2

I have a large number of data files (>1000) in a single directory. I would like to merge them all in a single data frame in R. They all have the same number and types of columns. So far what I have is:

setwd("directory")
files <- list.files()
for (i in 1:length(files)) assign(files[i], read.csv(files[i]))

This creates data frames for each of the 1000+ files. Is there any way to merge them, without having to type out a list of all 1000+ file names?
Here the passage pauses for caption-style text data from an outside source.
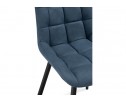 Стул на металлокаркасе Челси синий graf 9 / черный в Ростове-на-Дону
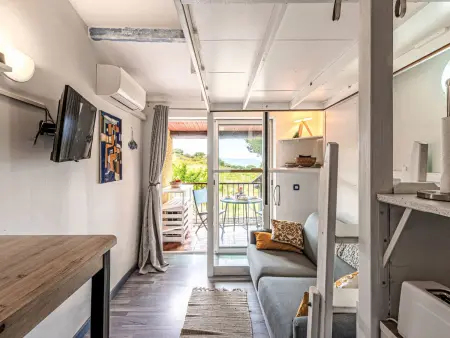 Casa Maza Corta, studio vue mer à Lumio : photo 4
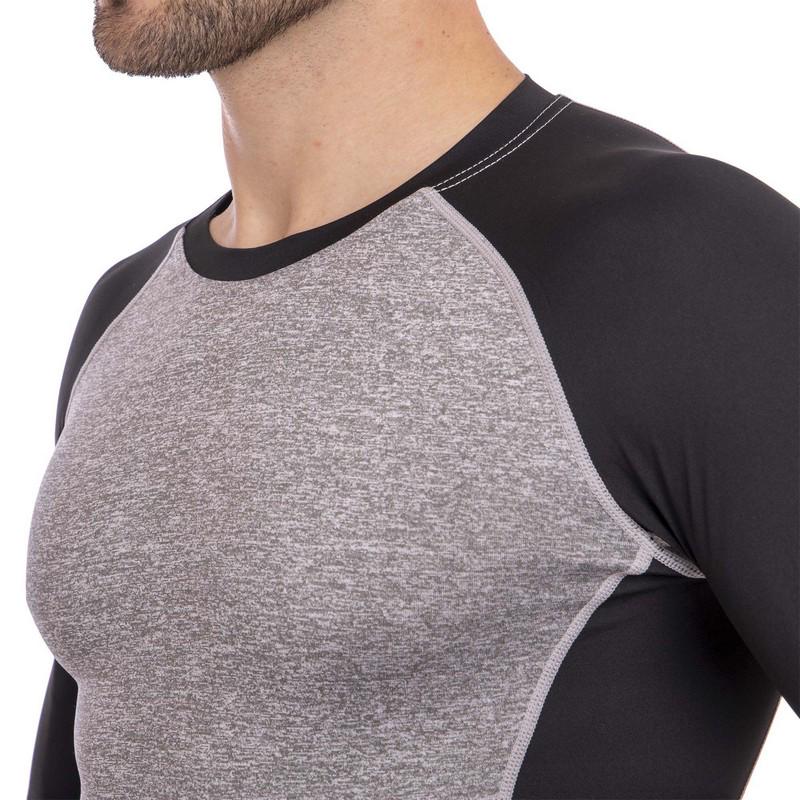 Компресійний одяг чоловічий LIDONG LD-1005-LD-1205 лонгслів і штани XXXL/р. 52-54 Чорний/Сірий (6936116101148) - фото 5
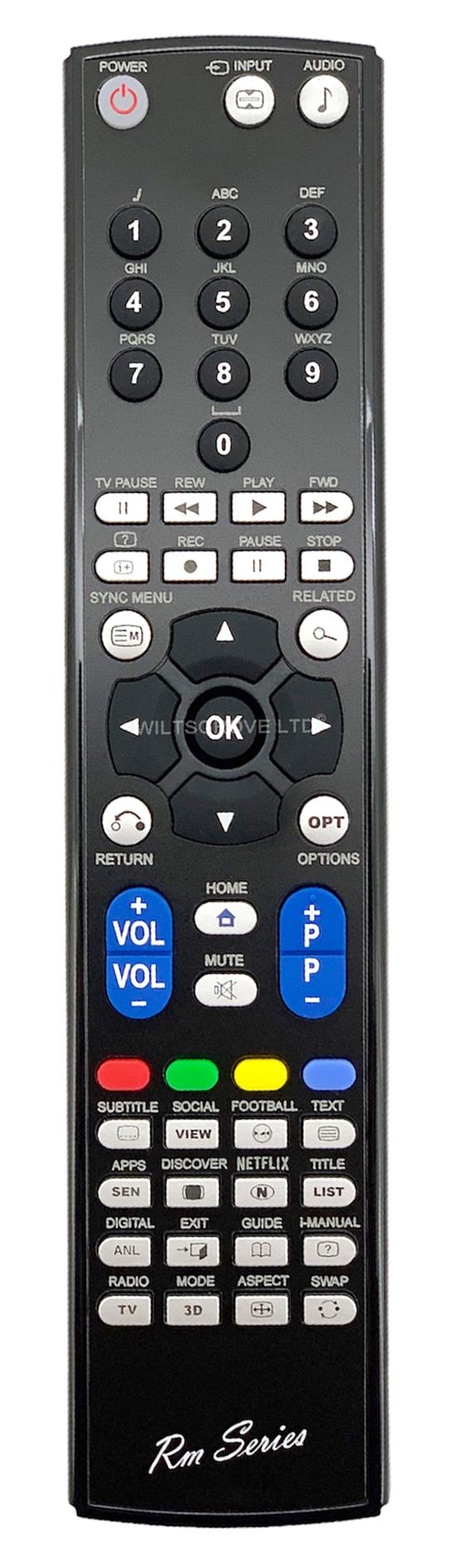 RM Series Remote Control fits SONY KDL-40R353C KDL-40R450 KDL40R450B KDL-40R450B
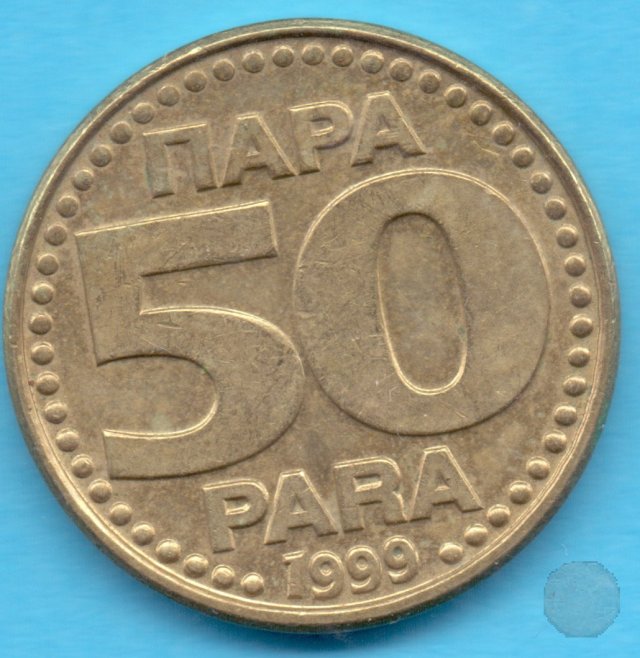 50 para III tipo 1999 (Belgrad)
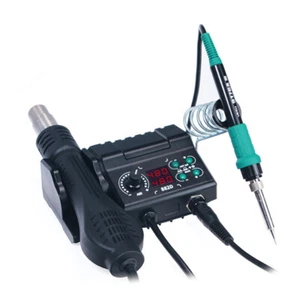 882D Hot Air Gun Soldering Station 2 in 1 Soldering Iron Hot Air Rework Station - Picture 1 of 11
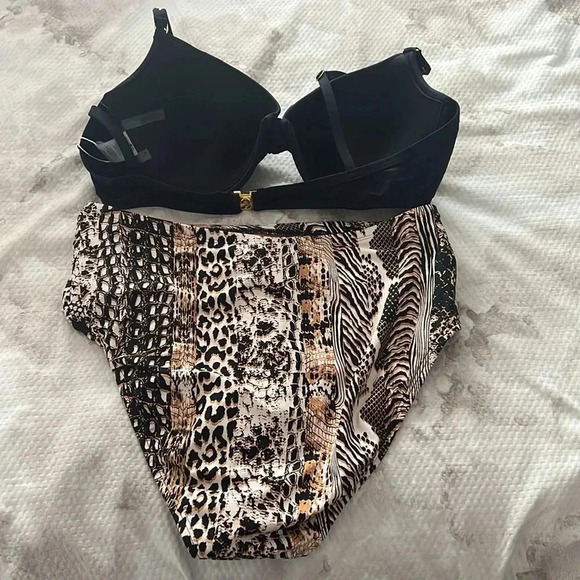 Bleu Rod Beattie Bikini Swimsuit Set Top Size 12 Bottom Size 10 - Picture 7 of 12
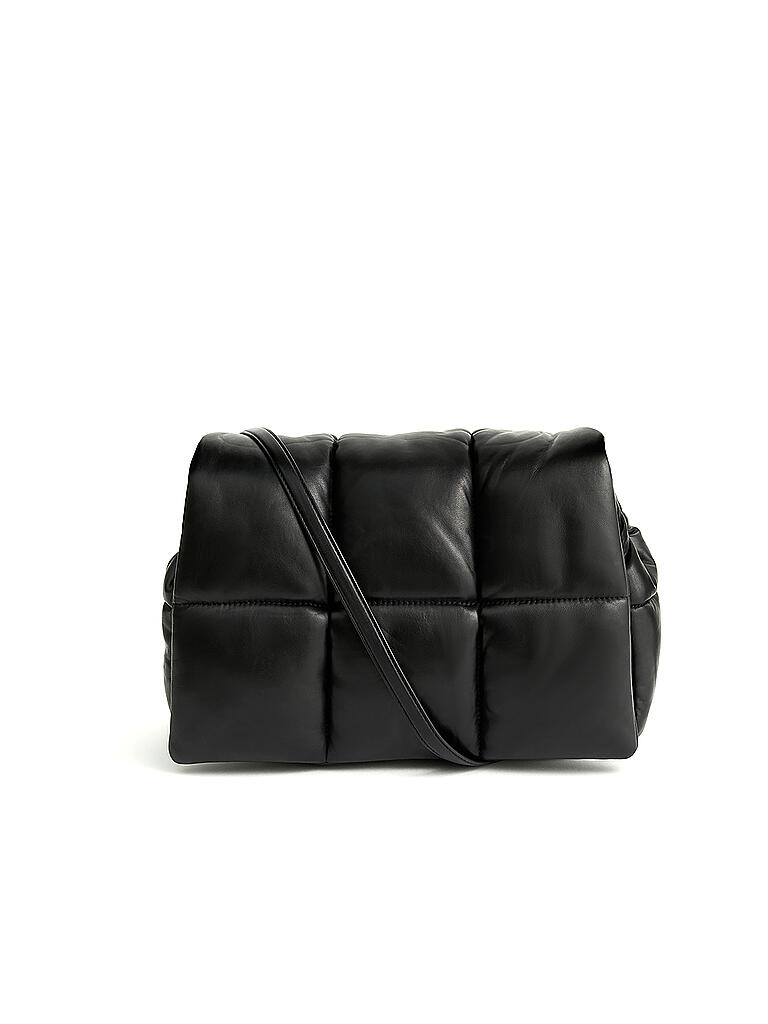 STAND | Ledertasche - Clutch Bag Wanda | schwarz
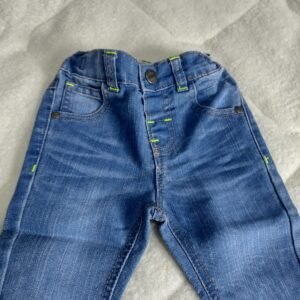 Calça (15) jeans infantil tamanho 9 meses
Any help would be appreciated!

nicola
  • 24,005
  • 3
  • 35
  • 56
Oksanna88
  • 31
  • 2
  • 5
    I'd like to know who teaches to use `assign` in R to newbies. DO NOT use `assign`. Just try `do.call(rbind,lapply(files,read.csv))`. – nicola Jul 25 '15 at 08:29
  • check [this](http://stackoverflow.com/questions/8091303/simultaneously-merge-multiple-data-frames-in-a-list) and [this](http://stackoverflow.com/questions/31480615/data-table-left-outer-join-on-multiple-tables/31481121#31481121) too – Veerendra Gadekar Jul 25 '15 at 08:29
  • Do you need to 'merge' or are you appending? And if you are merging, what variable are you merging on? – Jason Jul 25 '15 at 10:02
  • @nicola why not use `assign` in this case? – SabDeM Jul 25 '15 at 13:18

2 Answers2

12

The standard way to do this with data.table (recommended because of its speed) is:

library(data.table)
data <- rbindlist(lapply(list.files(), fread))

There are also additional functionalities, e.g.

rbindlist(lapply(list.files(), fread), fill = TRUE)

Will take care of the possibility that some or many of your files have different column names--any non-overlap will be filled with NA in those files lacking that column.


EDIT: as @nicola mentioned, using assign is to be avoided in general unless you really know what you're doing.

See this post for further reference to that end.

MichaelChirico
  • 33,841
  • 14
  • 113
  • 198
  • That's a great solution. What if I wanted to bind files adding new columns instead of new lines? Is there an equivalent `cbindlist` ? – rafa.pereira Sep 14 '15 at 15:32
  • @RafaelPereira that's really a different question and i'm sure that it's been asked. in short it won't be as simple as `cbindlist`, but off the top of my head there are two options: 1) use `rbindlist` and then `dcast` the result; 2) use the `on` option and the `:=` operator to sequentially merge the columns. One point to keep in mind is that a merge is essential for adding columns because we should think of the row as a sacrosanct observation--that is, the values associated with each ID are tied specifically to that ID, i.e. order matters, which is a contrast w.r.t. adding rows. – MichaelChirico Sep 14 '15 at 17:51
3

One good way to do that is to utilize data.table. This library has two benefits that will work in your case: a) it has a fast way of reading .csv files, and b) a fast way of combining data.tables (which are an extension of data.frame) into one. So in this spirit, let me propose the following alternative:

# if you don't have data.table installed, run install.packages('data.table') first
library(data.table)
files <- list.files('directory', full.names = TRUE)
#create a list to manage the individual files, only used to merge them in the end
FILES_LIST=vector("list",length(files)) 
for (i in 1:length(files)) {
    FILES_LIST[[i]]<-fread(files[i]) #this reads your .csv file
}
FILES_LIST = rbindlist(FILES_LIST) #this merges all of your files in a big data.table

The variable you are interested in, in the end is FILES_LIST.

I hope this helps.

MichaelChirico
  • 33,841
  • 14
  • 113
  • 198
Nikos
  • 3,267
  • 1
  • 25
  • 32